Ook is een reconstructie van het gezicht gemaakt, dat veel lijkt op portretten van
Richard III (zie hier) (alhoewel, er zijn meer mensen die lijken op
deze reconstructie, dat terzijde). Maar het échte bewijs zit hem volgens de onderzoekers in het DNA:
de archeologen isoleerden DNA uit het skelet. Via genealogisch onderzoek was
eerder een verre nazaat van Richard III gevonden, Michael Ibsen uit Londen. Het
lijkt zo simpel: vergelijk het DNA uit het skelet met het DNA van Ibsen, en als
het genoeg overeenkomt weet je dat het skelet van Richard III was - zo werd in de
media verkondigd. Maar zo simpel
ligt het in dit het geval niet.
Mitochondrieel DNA
Bij de
analyse is alleen gekeken naar mitochondrieel DNA. Het “gewone” DNA ligt in de kern van menselijke
cellen (genomisch DNA genoemd), maar
in de mitochondriën (de
energiefabriekjes van de cel) zit ook wat DNA. Iedere cel heeft maar één
celkern met daarin één kopie van het genomische DNA, maar in iedere cel zitten
vele mitochondriën en daarmee vele kopieën van het mitochondrieel DNA. De kans
dat je daar wat van terugvindt in een skelet van 500 jaar oud is groter dan bij
genomisch DNA. Ook is ál het mitochondriële DNA van een persoon van de moeder afkomstig.

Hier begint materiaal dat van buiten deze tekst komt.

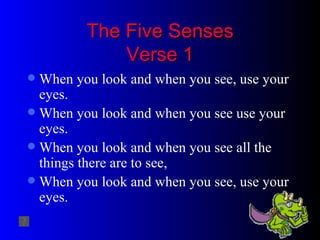 The Five Senses Verse 1 When you look and when you see, use your eyes.  When you look and when you see use your eyes. When you look and when you see all the things there are to see, When you look and when you see, use your eyes. 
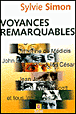 Voyances remarquables, les plus grandes prédictions d'hier et d'aujourd'hui&nbsp;-&nbsp;Sylvie Simon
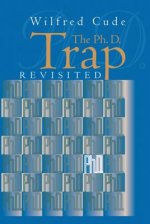 Ph.D. Trap Revisited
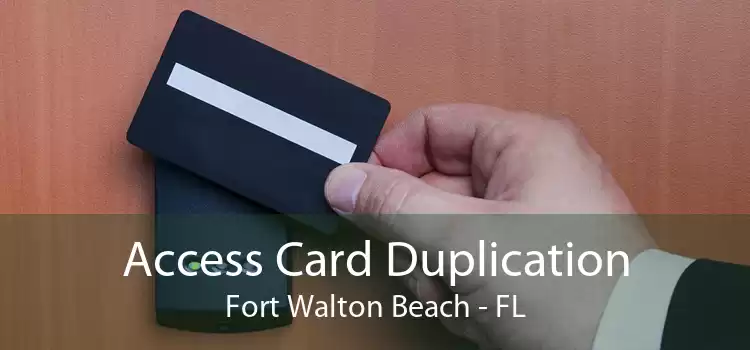 Access Card Duplication Fort Walton Beach - FL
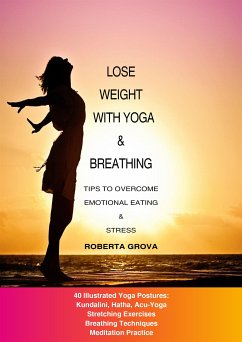 Lose weight with Yoga and Breathing (eBook, ePUB) - Grova, Roberta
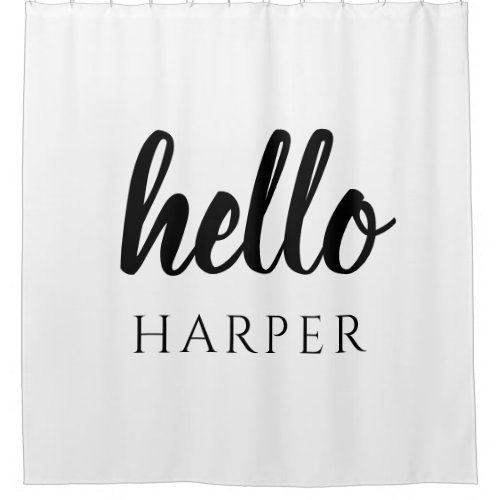 Modern Minimal Black And White Hello And You Name Shower Curtain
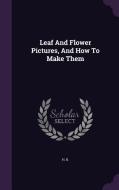 Leaf And Flower Pictures, And How To Make Them di H B edito da Palala Press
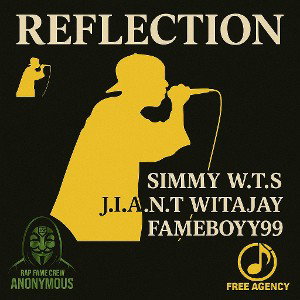 Reflection (ft FameBoyy99 & J.I.A.N.T WitaJay)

Bij bevruchting worden het DNA van eicel en spermacel gecombineerd, zo zit er in
een celkern 50% DNA van de moeder en 50% van de vader. Spermacellen zijn echter
zo klein dat er geen mitochondriën in zitten, dus alle mitochondriën, en al het
mitochondriële DNA, komt van de moeder. Jouw mitochondriële DNA is hetzelfde
als dat van je moeder, haar moeder, haar moeder... Voor genealogisch onderzoek
is deze ‘maternale’ lijn ook bruikbaarder, omdat altijd zeker is wie iemands moeder
is, maar de vader is nogal eens onbekend. Omdat Ibsen via de maternale lijn afstamt
van Richard III, zou zijn mitochondriële DNA moeten overeenkomen met dat in het
skelet.
Twijfels
Voor de
wetenschappers waren de overeenkomsten in ieder geval groot genoeg om “beyond
reasonable doubt” te zeggen dat het skelet van Richard III was. Echter, uit
zo’n oud skelet komt maar weinig bruikbaar DNA. Daarnaast is er een grote natuurlijke
overeenkomst tussen mitochondrieel DNA van mensen, ook als die níet gerelateerd
zijn. In West-Europa is ongeveer 40% van het mitochondriële DNA van hetzelfde type
(haplogroep H) (zie
ook hier).
Daarom werd er een derde persoon geïntroduceerd: een verre nicht van Ibsen, met
hem verbonden via een maternale lijn. Ook haar mitochondriële DNA werd genalyseerd.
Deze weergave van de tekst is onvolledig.